I do this via my Power Hours – intense one-hour marketing one-to-one sessions via skype that provide clarity, strategy and practical solutions to client’s sales & marketing condundruns. I don’t ever do ‘discovery calls’ or ‘pitch’ for new business because – being a one person business – it’s too time consuming and actually sets unrealistic expectations about how I work best. It took me a while to be brave enough to do this but I have found that it is a much fairer process for both me and the client. My clients get really practical advice during these sessions – they leave with specific actions to take themselves, which helps them to become more marketing savvy and saves them a lot of money.
2. Access to your network/resources
You have no-doubt created a network of resources over time that are super helpful – go-to suppliers, apps, speakers or freelancers that are totally embedded into your business.
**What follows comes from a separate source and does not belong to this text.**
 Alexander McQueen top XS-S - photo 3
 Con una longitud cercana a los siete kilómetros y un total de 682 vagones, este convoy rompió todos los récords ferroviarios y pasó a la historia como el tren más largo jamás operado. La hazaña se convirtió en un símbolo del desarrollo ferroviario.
This happens over a period of time and these trusted relationships have been cultivated by you personally. You cannot blow that apart but offering unfettered access to it.
This kind of access should not only be charged for but also managed by you. Relationships are precious and valuable. Share them carefully and nurture them always. But also be generous and look for ways your paying clients/network can support each other.
3. A finished product
A product – whether physical or digital is the culmination of blood, sweat, tears and strategic thought, skills and experience. So it needs to be given an appropriate value (not an inflated value). Even if you discount this product as a limited special offer, do not neglect to refer to its true value at all times.
A digital product might be a fixed period of your consultancy time, a digital guide or a step-by-step system for creating something. Whatever it is solves a problem and that is worth paying for.
4. Anything customised
Any time you have to take content you have already made and customise it or create something bespoke for someone, it should come with a price tag because your time, experience and skills are being utilized to develop the content to suit the specific needs of the customer.
Your generic free content is generously available for all but a bespoke or customised solution has to be paid for.
5. Providing the solution
It doesn’t matter if it doesn’t take you that long to solve a problem – that in itself is a sure sign of your skill and experience that you can efficiently turn something around so quickly. That short cut is what your customer is paying you to provide – this is where time and money don’t always equate to an hourly rate.
I can build websites and do some basic coding. I can also fix some basic errors, but for anything complex I turn straight to a trusted programmer because he has the skills and knowledge to fix a problem fast. It doesn’t matter to me that it takes him only five minutes. It would take me an hour just to find the source of the problem, then another hour to research the solution. I will pay him ‘the fee’ to fix something fast, because he has the skills to do it quicker and better than me. That is priceless.
When you give away your advice or skills for free there is less investment in the outcome by the ‘client’. Therefore the likelihood of success is lower, which will be pinned on your ‘poor service’ not their lack of inspired action.
The phrase people that pay, pay attention rings very true. Something that is free has little perceived value and therefore people will take it or leave it. Ask a client to pony up and suddenly they sit up and get involved in a much more invested way.
Valuing yourself is respectful to you and your clients/customers. The outcome is always better for both.